Understanding Default Rates

The standard funding rate used is by most exchanges is 10.95%. It means that the exchanges treat the investment as if the lending rate for crypto was 0% and USDT was 10.95%. So by default, an investor that longs a currency using Futures would pay that amount for the user shorting the currency.

In reality, however, the interest rate of the US dollar (Fed funds) stands at around 4% and multiple crypto projects offer staking rewards with much higher rates. On an efficient market, the futures should reflect the difference in interest rates between the coins. So when the staking rewards are higher than 4%, the investor should pay to short, rather than earn. Otherwise an investor can simply profit by staking the coin and shorting the future.

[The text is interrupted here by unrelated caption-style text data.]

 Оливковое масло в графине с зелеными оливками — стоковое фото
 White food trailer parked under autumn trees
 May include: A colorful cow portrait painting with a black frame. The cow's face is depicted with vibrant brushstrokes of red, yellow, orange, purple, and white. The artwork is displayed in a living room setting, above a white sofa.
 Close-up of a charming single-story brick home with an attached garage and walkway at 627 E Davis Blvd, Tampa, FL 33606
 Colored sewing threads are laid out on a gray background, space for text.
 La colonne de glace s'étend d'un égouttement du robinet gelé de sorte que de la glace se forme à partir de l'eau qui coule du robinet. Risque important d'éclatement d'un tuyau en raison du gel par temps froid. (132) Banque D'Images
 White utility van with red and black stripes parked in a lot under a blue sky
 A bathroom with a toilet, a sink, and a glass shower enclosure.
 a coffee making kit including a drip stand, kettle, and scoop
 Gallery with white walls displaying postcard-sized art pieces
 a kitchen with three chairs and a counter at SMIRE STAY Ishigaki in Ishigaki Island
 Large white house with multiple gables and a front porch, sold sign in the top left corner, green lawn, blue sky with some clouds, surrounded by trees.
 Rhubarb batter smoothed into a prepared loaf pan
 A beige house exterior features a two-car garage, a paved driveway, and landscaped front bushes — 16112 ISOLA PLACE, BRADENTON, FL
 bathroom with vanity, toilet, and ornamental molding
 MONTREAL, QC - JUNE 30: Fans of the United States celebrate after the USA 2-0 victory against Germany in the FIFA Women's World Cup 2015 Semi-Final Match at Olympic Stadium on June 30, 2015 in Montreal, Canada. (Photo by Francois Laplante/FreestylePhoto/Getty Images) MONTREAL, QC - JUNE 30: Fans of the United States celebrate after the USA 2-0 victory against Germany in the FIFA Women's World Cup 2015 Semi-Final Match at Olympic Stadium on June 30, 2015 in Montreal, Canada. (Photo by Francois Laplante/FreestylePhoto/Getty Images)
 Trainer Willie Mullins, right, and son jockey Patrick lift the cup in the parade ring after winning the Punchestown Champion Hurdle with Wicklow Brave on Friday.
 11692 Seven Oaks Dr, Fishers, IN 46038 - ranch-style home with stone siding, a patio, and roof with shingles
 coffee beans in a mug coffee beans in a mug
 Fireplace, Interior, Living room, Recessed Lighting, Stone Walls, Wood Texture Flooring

With the default rate not reflecting the market, the only way for the futures to have the "correct" funding rate is adjusting it via the Premium Index. But this is not easy to do. On Gate.io and Binance, the funding rates are calculated by the following formula:

Premium Index = [Max (0, Depth Weighted Bid Price - Mark Price) - Max (0, Mark Price - Depth Weighted Ask Price)]/Index Price

Funding Rate(F) = Premium Index(P)+clamp(interest rate-Premium Index(P),0.05%-0.05%)

This (SOURCE) goes in-depth on how the formulas work and explains the numbers involved.

The first formula means that regardless of market conditions, the Premium Index would only start to be adjusted if either the impact bid is higher than the mark price or the impact ask is lower than the mark price. In other words, the Premium Index would only start to be adjusted if there are people willing to sell at least $4000 worth of contracts below what the exchange considers a fair price. Many futures don’t achieve that simply due to lack of liquidity.

The second formula means that the premium index would need to be at least 0.05% to impact the funding rate, making it even harder to accomplish. For reference, a 0.05% funding rate every 8 hours is a 54.75% annualized rate.

So while it would be possible for the futures to have a funding rate in line with what we would expect from the interest rates involve, this is very hard to achieve in practice, due to how the rates are defined.

The results are felt on multiple exchanges, but a good example is Gate.io where over the past 7 days, 133 out of the 181 Futures tracked by Coinglass had an accumulated 0.21% funding rate, meaning that their funding rate was 0.01% on every interval and investors were paid to short the tokens. Including clear cases for arbitrage.